Copy, exactly as written, the lines that begin at the one containing "Cab from Kolkata to Malda" and end at the one containing "2019 Mercedes-Benz W177". Skip any pictures in the data below.

▶ _Supplied information_
Content starts

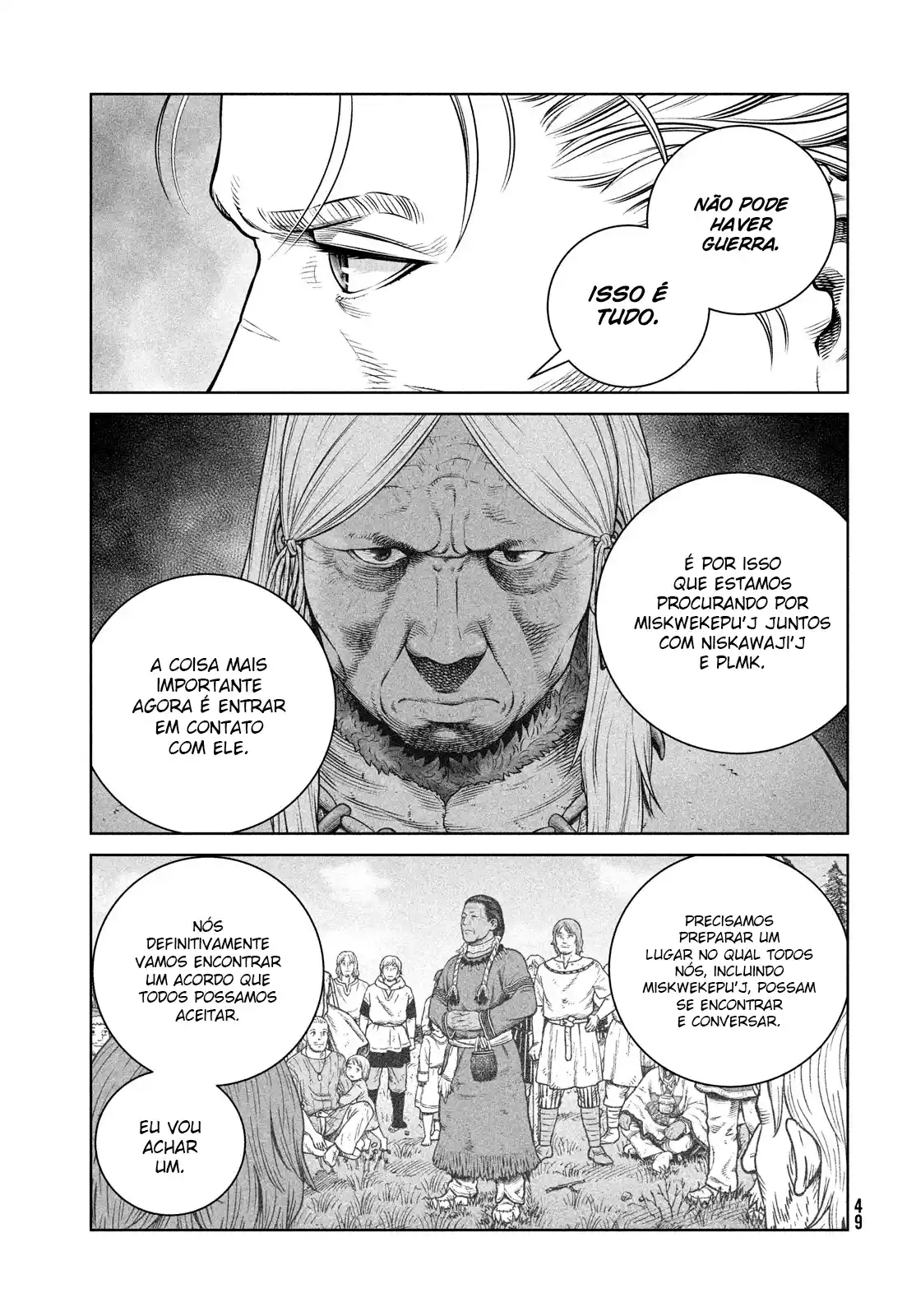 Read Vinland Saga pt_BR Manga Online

Content ends
Content starts

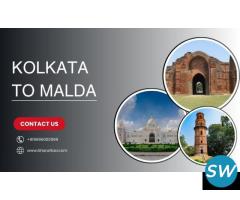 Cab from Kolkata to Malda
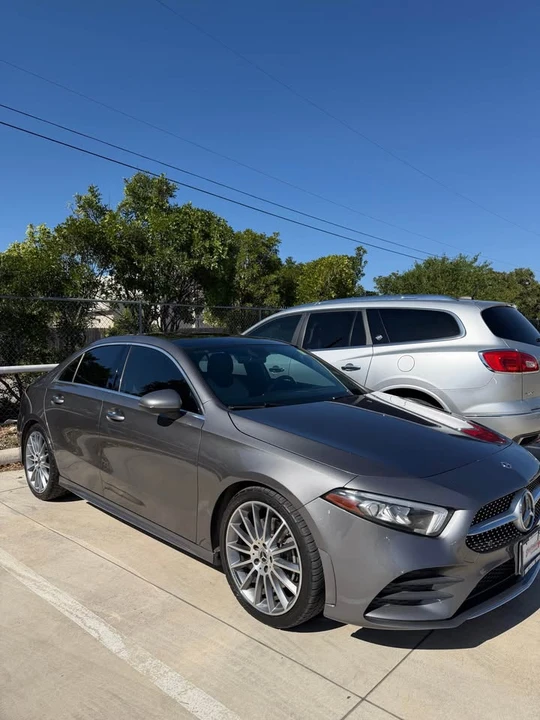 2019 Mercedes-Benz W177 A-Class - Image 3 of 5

Content ends

▶ _Output_
 Cab from Kolkata to Malda
 2019 Mercedes-Benz W177 A-Class - Image 3 of 5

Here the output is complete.